European shares fell, dragged lower by banks on concerns about the outcome of the euro zone debt crisis, while safe-haven German government bonds rose.

Oil prices also slipped on Friday in line with other markets, though they are expected to remain firmly underpinned by ongoing tensions with Iran, the world's fourth-largest crude oil producer.

INDIAN DEMAND FIRMS

Physical gold demand from the world's biggest bullion consumer, India, improved on Friday as prices eased back from two-month highs. “Demand is better than the last two days as prices have cooled off a bit,” said one bullion dealer in Mumbai.

Also positive for prices, the biggest operator of US futures exchanges, the CME Group, on Thursday lowered trading margins for a range of commodities contracts, including gold, silver and platinum.

“In August and September of last year, CME almost doubled the margin within just a few weeks, thereby contributing to the sharp fall in the price of gold,” Commerzbank said in a note.

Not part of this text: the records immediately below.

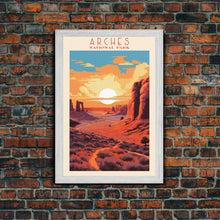 Load image into Gallery viewer, Arches National Park, Framed Wall Art Canvas Print, Travel Poster, Utah Travel Art, Roadtrip Decor, Cool Wall Art, Retro State Park Art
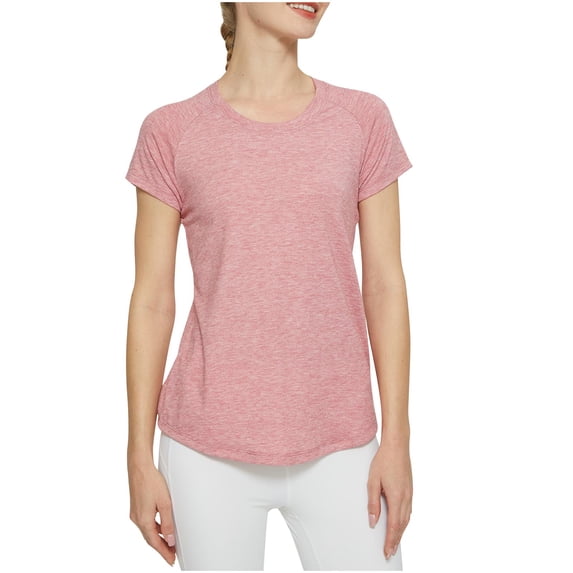 Kaemgyyd Workout Tops for Women Breathable Loose Solid Crew Neck Yoga T Shirts Short Sleeve Running Gym Athletic Tee Clothes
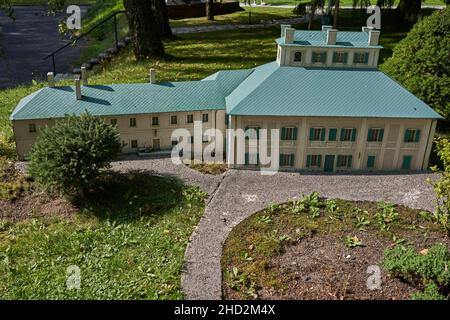 Marianske Lazne, République Tchèque - 26 septembre 2021 - Parc miniature Bohemium - Château Ratiborice Banque D'Images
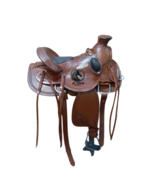 Handmade Western Barrel Racing Saddle. Big Horn Fork Premium Ranch Ropin... - $348.14+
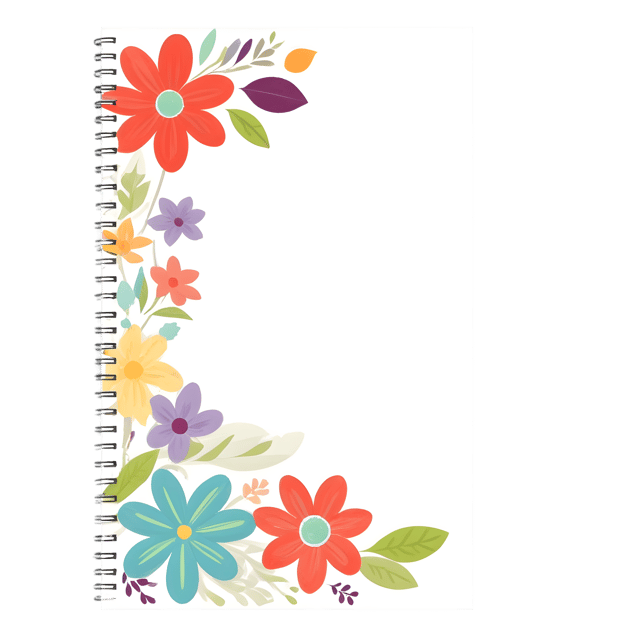 Free transparent PNG: Flowery Notebook with Transparent Background PNG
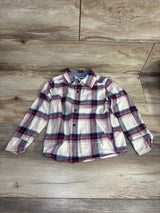 OshKosh Plaid Button Up Flannel Shirt White sz 5T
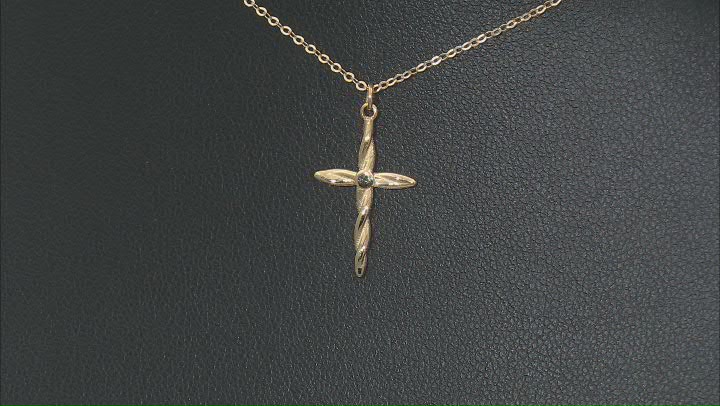 10k Yellow Gold Twisted Cross Pendant Rolo Link 20 Inch Necklace Video Thumbnail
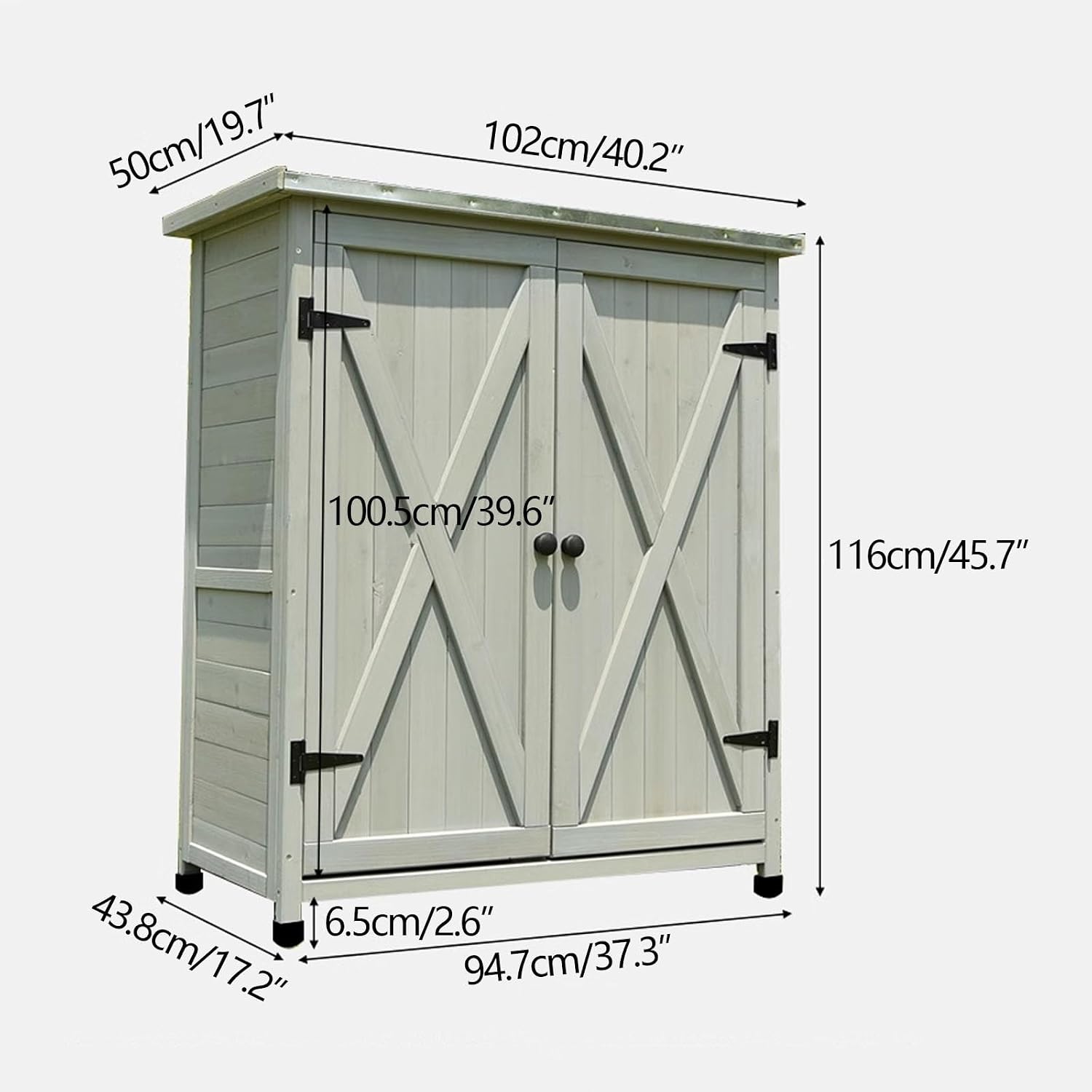 Large Vertical Outdoor Storage Box Adjustable Foot Pads, Wooden Outdoor Storage Cabinet with Doors Galvanized Cabinet Top for Delivery Patio Garden and Porch,Br,Brown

Indonesia is to ban exports of some raw materials, including gold and silver as well as base metals like copper and tin, from 2014, the Mineral Resources Ministry said on its website.

Indonesia was the world's seventh-largest gold producer last year with output of 115 tonnes, according to metals consultancy GFMS, and produced 6.9 million ounces of silver in 2010, making it Asia's fourth-largest miner of the metal.

Silver was down 0.8 percent at $33.60 an ounce. Spot platinum was down 0.6 percent at $1,642.49 an ounce, while spot palladium was down 1.3 percent at $697.30.

President Jacob Zuma squashed more than two years of talk on Friday about the nationalisation of South Africa's massive mining sector, saying state control or ownership of the mines in the world's biggest platinum producer could not work.

However, South Africa's mining sector - the fifth-biggest in the world by value - faces the prospect of higher taxes and royalties as the government tries to squeeze out better returns for the country's 50 million people.

“Had the ANC promoted a pro-nationalization agenda we believe the impact on PGM prices would have been very bullish as foreign investment and quite possibly professional expertise would have deserted the country, with a commensurate negative impact on production,” said HSBC in a note.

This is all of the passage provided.